Pictures with short captions
◇ ◇ ◇ ◇ ◇ ◇ ◇

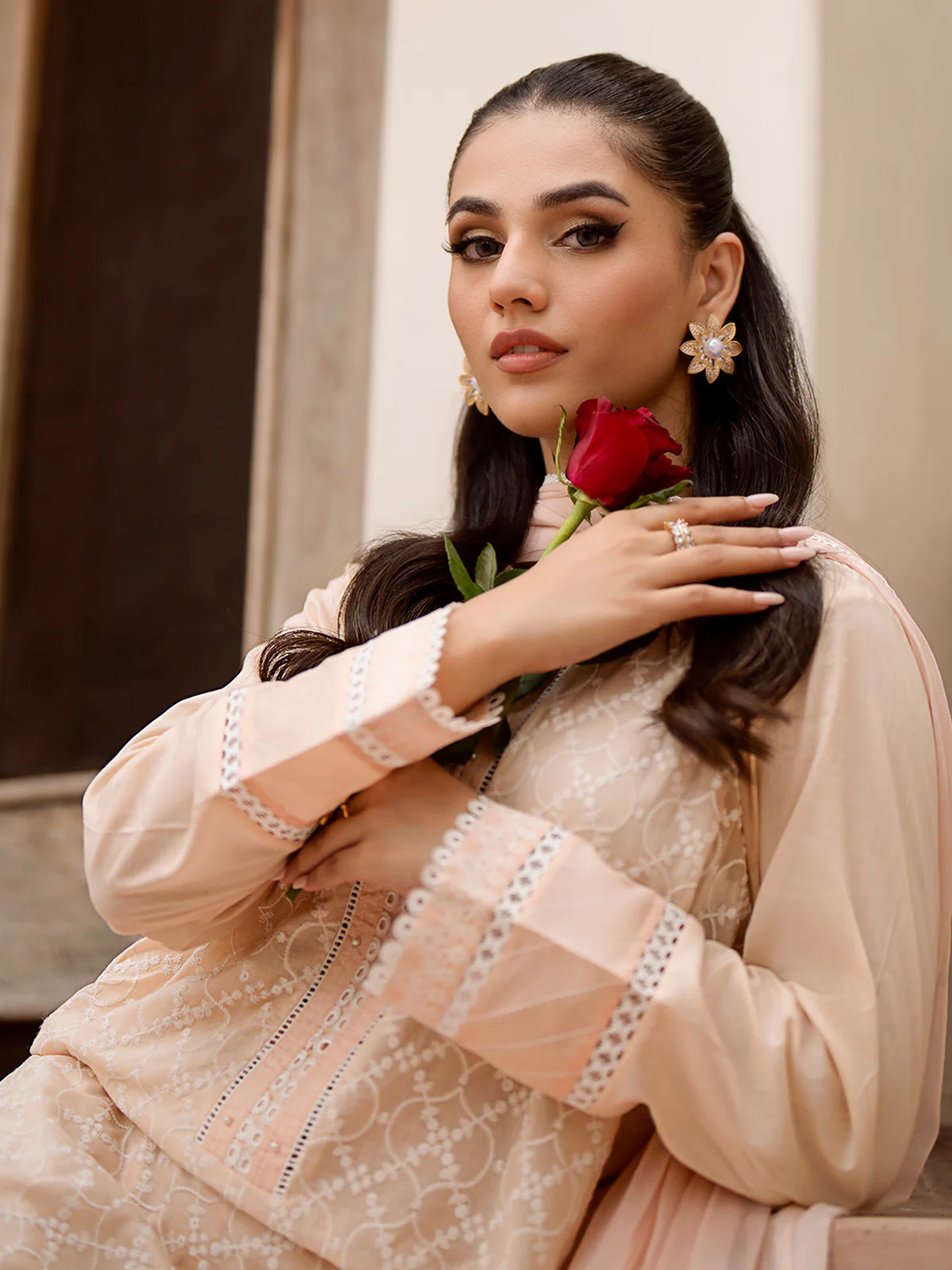 Embroidered Cambric Suit - EWU24V2-28618-3P - Image 2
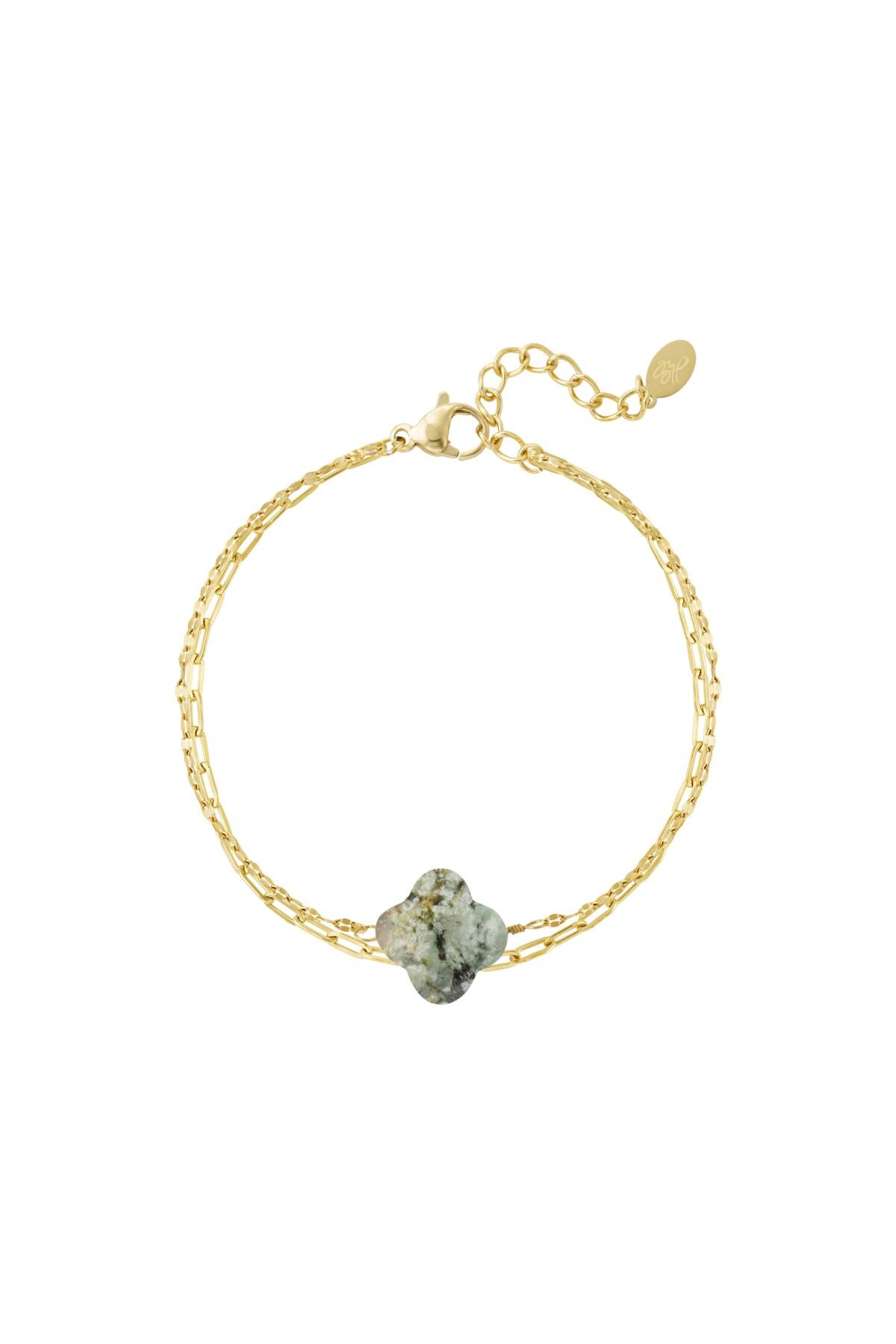 Double bracelet with clover - Natural stones collection Green Stainless Steel 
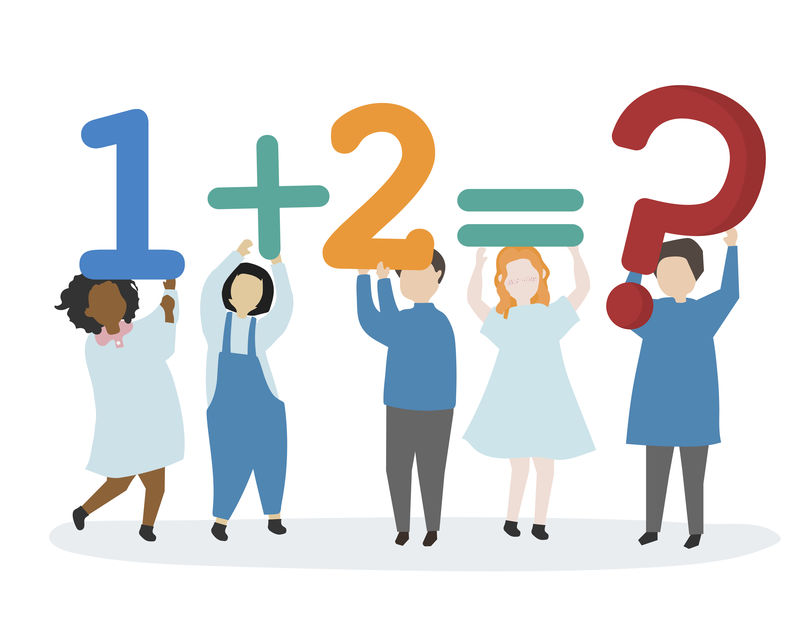 学习数字和数学的孩子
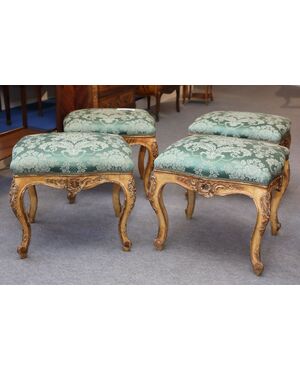 4 gilded and lacquered wooden benches from the 18th century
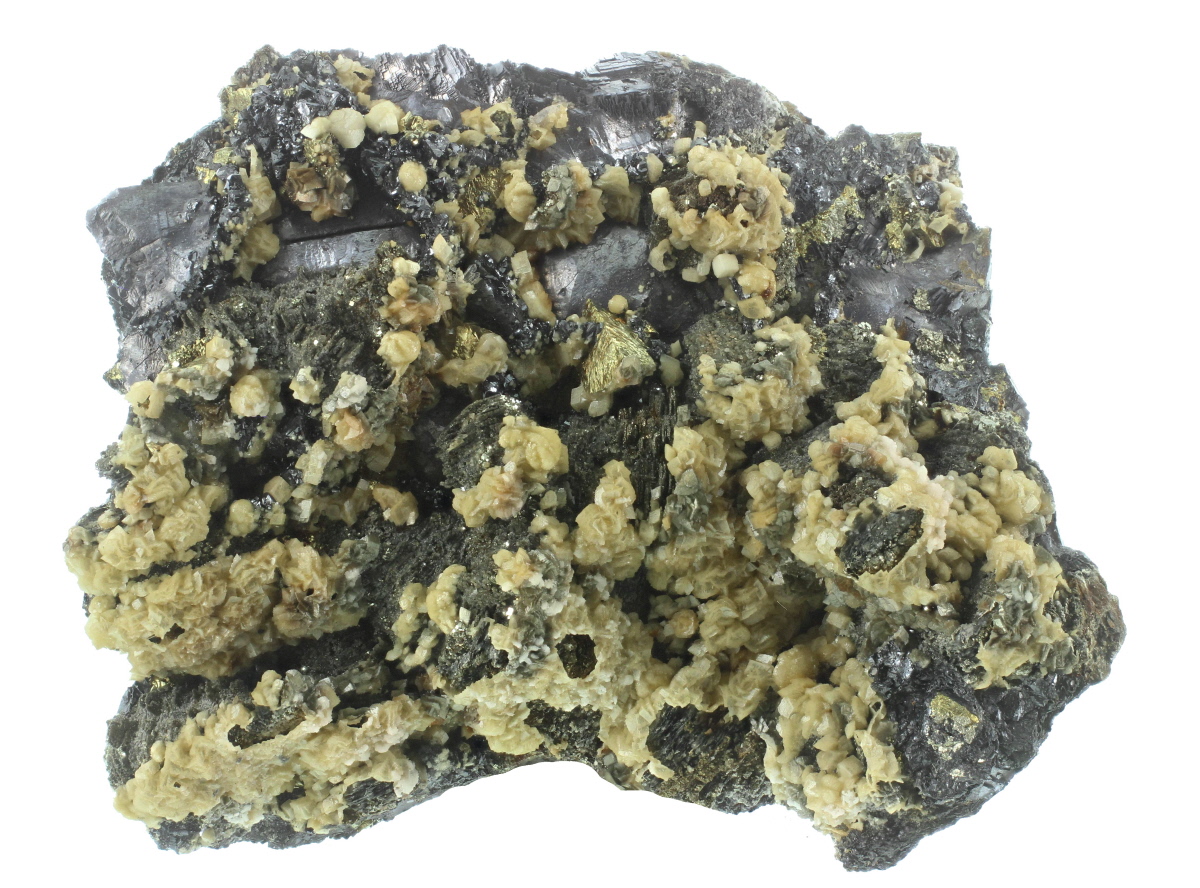 Siderite On Pyrrhotite With Galena & Chalcopyrite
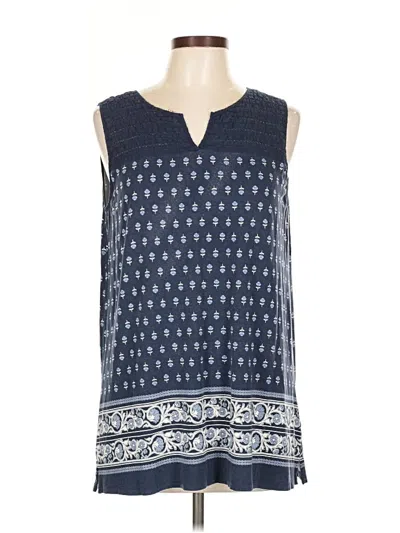 Pre-owned Lila Rose Sleeveless Blouse In Blue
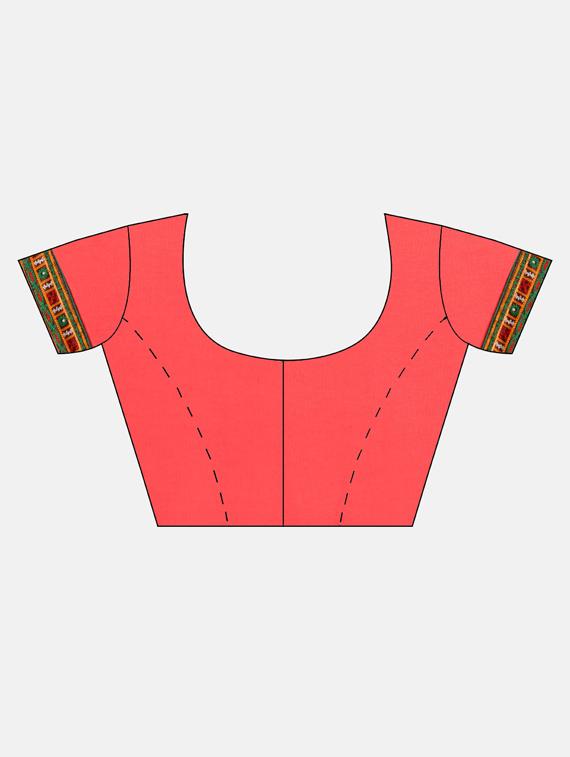 embroidered half and half saree with blouse - 17528573 - Zoom Image - 3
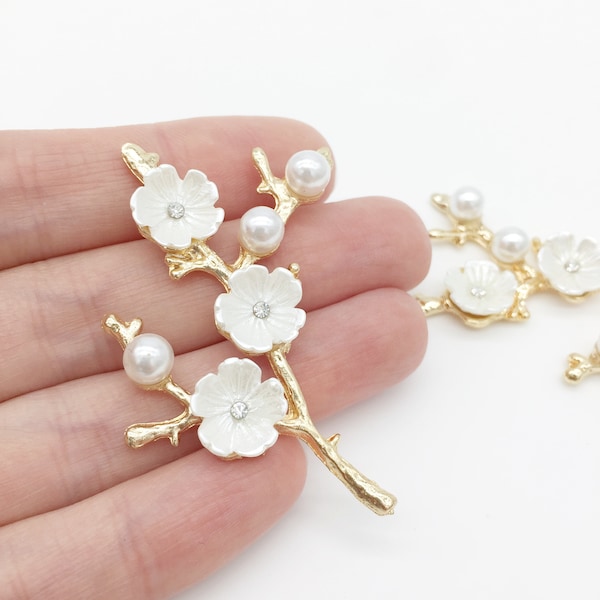 2 x Plum Blossom Branch Embellishment, Champagne Gold Pearl and Flower Branches for Headpiece Making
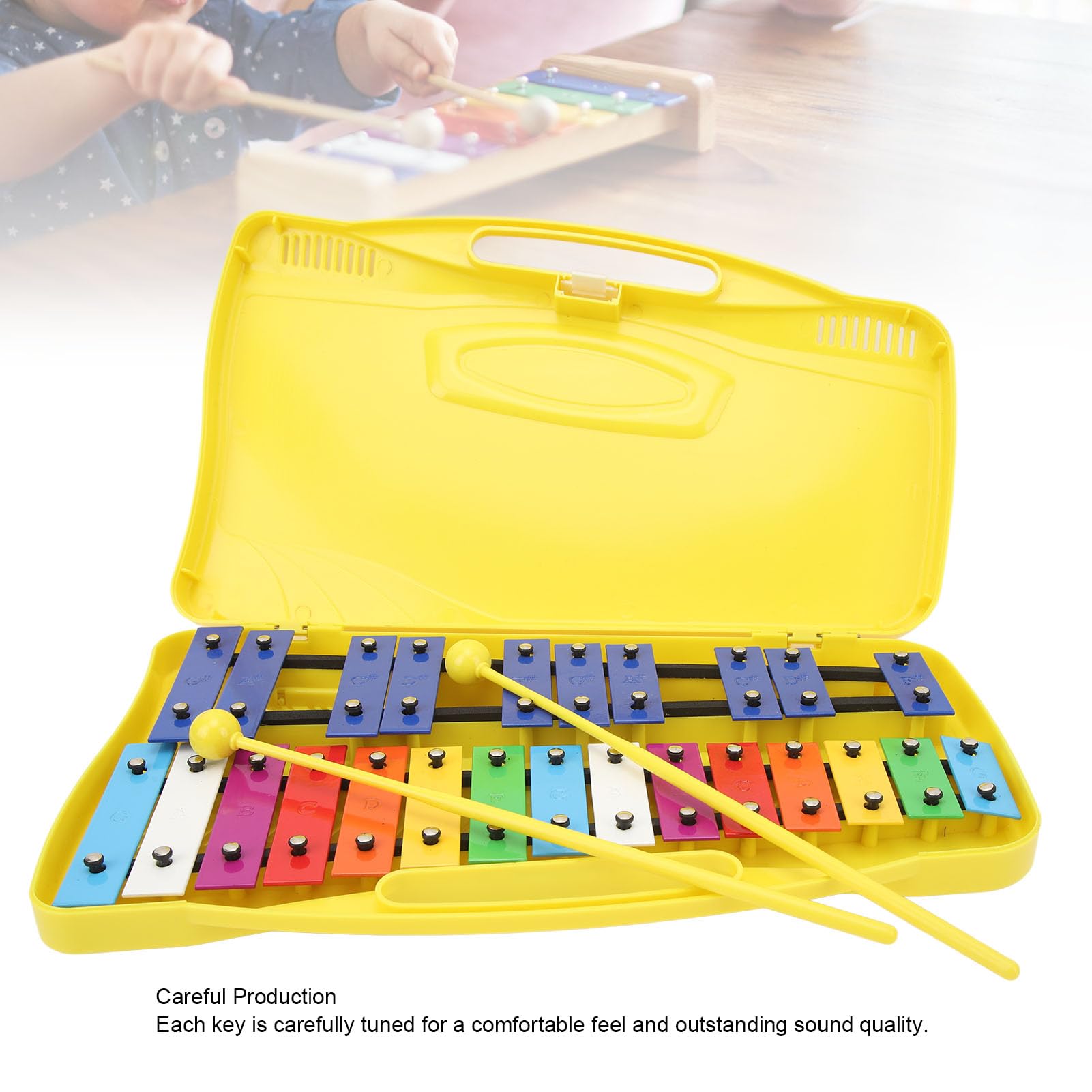Xilofono Professionale, Xilofono Portatile con Chiave in Metallo, Alluminio Colorato, Durevole, Eccellente qualità di Intonazione, con Scatola Gialla per la Scuola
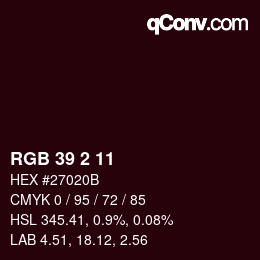 Color code: RGB 39 2 11 | qconv.com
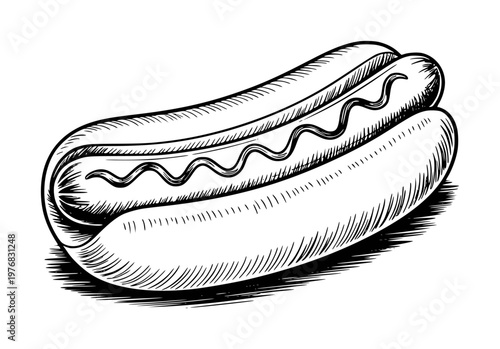 Hand Drawn of a Hot Dog with Mustard White Background hotdog sausage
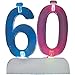 Flashing Number 60 Cake Topper & Birthday Candle Set, 5pc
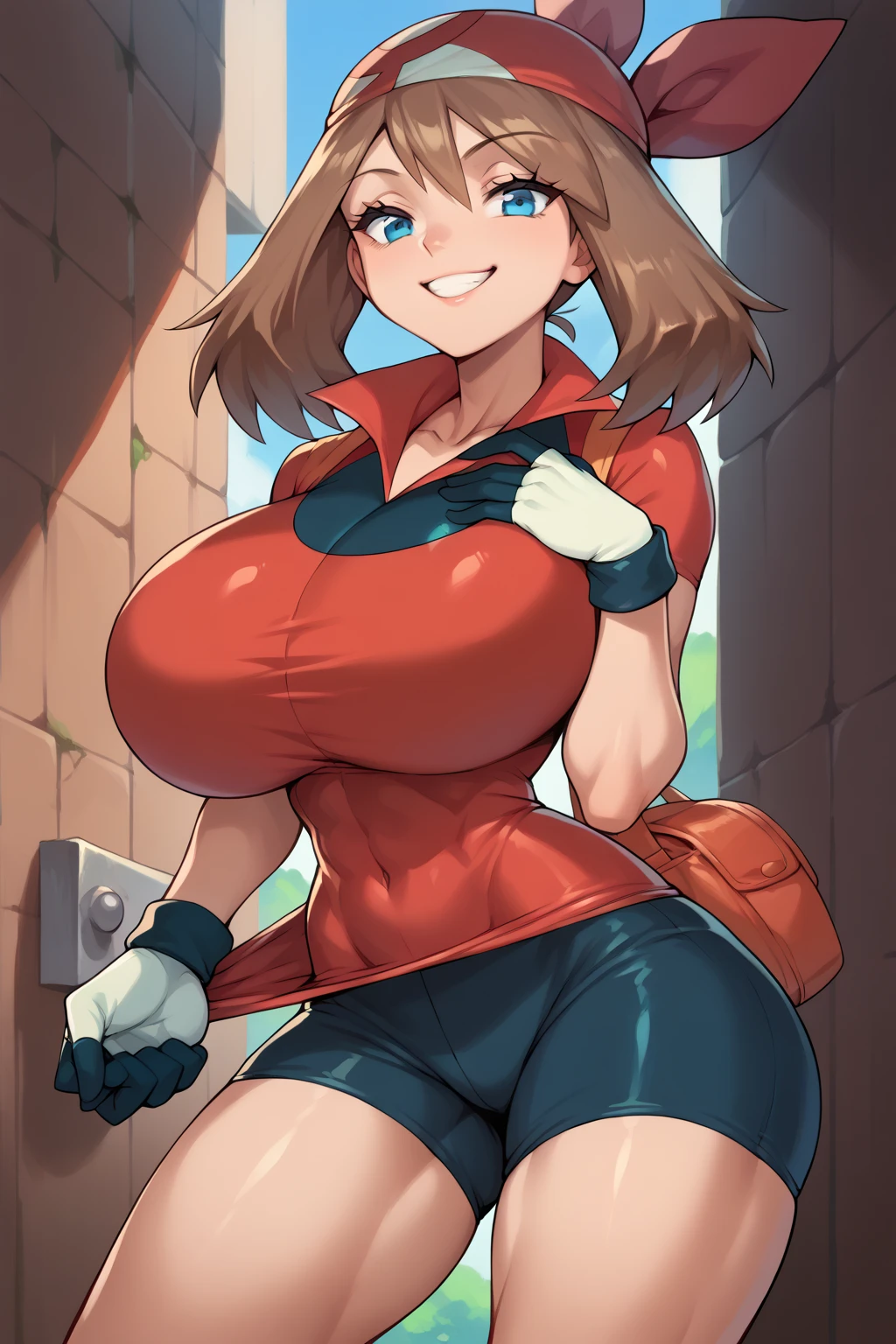 score_9, score_8_up, score_7_up, score_6_up, BREAK, zzMay, solo, blue eyes, brown hair, short hair, red bandana, red shirt, short sleeves, gloves, black shorts, torso, smug smile, gigantic bust, toned, strong, bimbo body, 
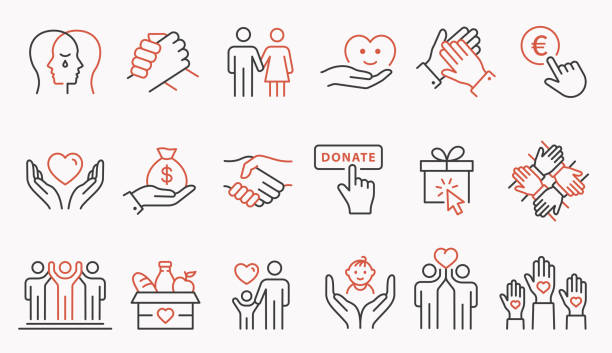 zestaw ikon linii charytatywnej. kolekcja uścisków dłoni, darowizn, dłoni, pomocy i innych. edytowalny obrys. - community stock illustrations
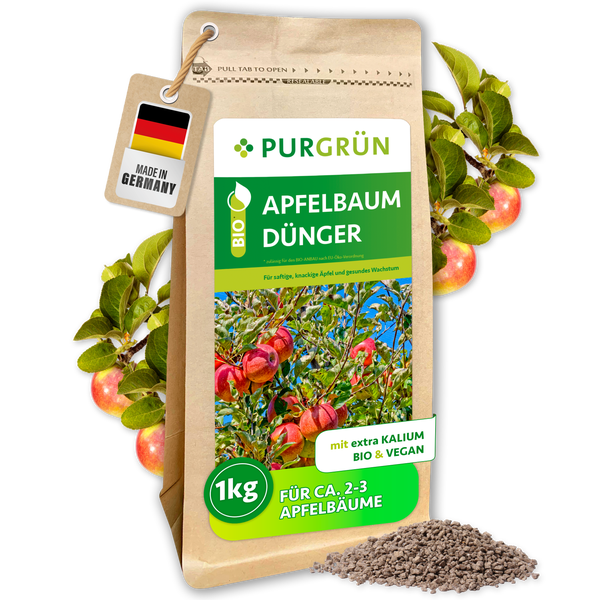 Eine Packung Purgrün Apfelbaum Dünger mit einem Kilogramm Inhalt, geeignet für biologischen Anbau und vegan, mit Etikett Made in Germany.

◇ ◇ ◇ ◇ ◇ ◇ ◇

WHAT THE TASK REQUIRES ▸ Only one stretch of the entries above is needed: the lines from the one containing "Double bracelet with" through the one containing "Flashing Number 60". Copy it exactly, without the pictures.

ANSWER FOR THE TASK ▸
 Double bracelet with clover - Natural stones collection Green Stainless Steel 
 学习数字和数学的孩子
 4 gilded and lacquered wooden benches from the 18th century
 Siderite On Pyrrhotite With Galena & Chalcopyrite
 Pre-owned Lila Rose Sleeveless Blouse In Blue
 embroidered half and half saree with blouse - 17528573 - Zoom Image - 3
 2 x Plum Blossom Branch Embellishment, Champagne Gold Pearl and Flower Branches for Headpiece Making
Xilofono Professionale, Xilofono Portatile con Chiave in Metallo, Alluminio Colorato, Durevole, Eccellente qualità di Intonazione, con Scatola Gialla per la Scuola
 Color code: RGB 39 2 11 | qconv.com
 Hand Drawn of a Hot Dog with Mustard White Background hotdog sausage
 Flashing Number 60 Cake Topper & Birthday Candle Set, 5pc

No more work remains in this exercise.